> [Available data]
##############################
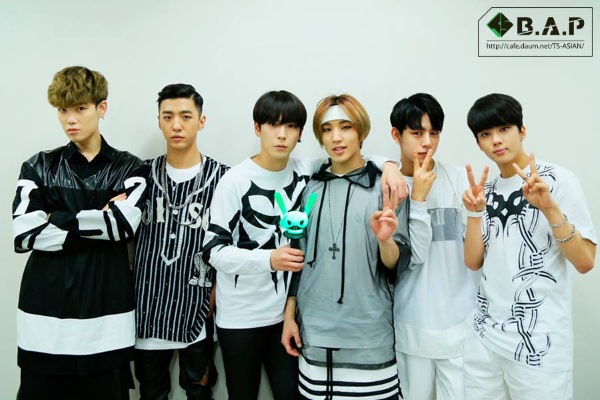B.A.P-and-new-lightstick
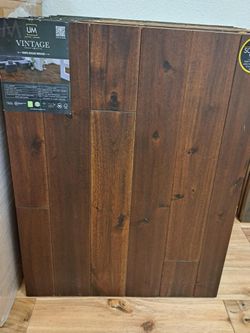 SOLIDWOOD ACACIA FLOORING-MUST SELL OBO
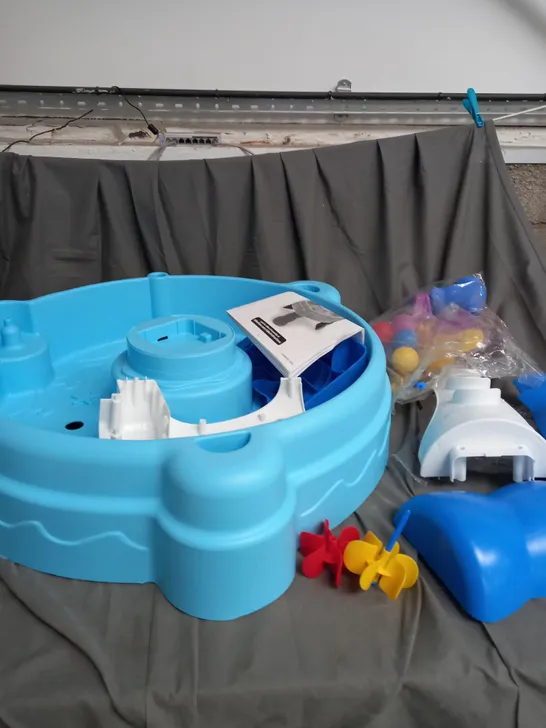 LITTLE TIKES SPINING SEAS WATER TABLE - COLLECTION ONLY  RRP £57.99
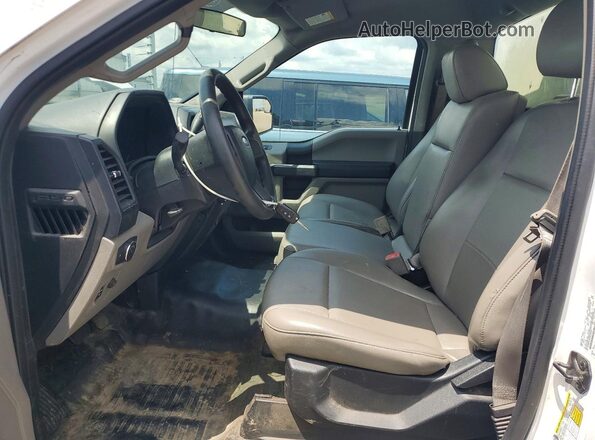 1FTNF1CG8JKC58520 2018 FORD F150 Белый Вид салона спереди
##############################
> [Work order] Return all the lines above exactly; none of the pictures should appear.

> [Task result]
B.A.P-and-new-lightstick
 SOLIDWOOD ACACIA FLOORING-MUST SELL OBO
 LITTLE TIKES SPINING SEAS WATER TABLE - COLLECTION ONLY  RRP £57.99
 1FTNF1CG8JKC58520 2018 FORD F150 Белый Вид салона спереди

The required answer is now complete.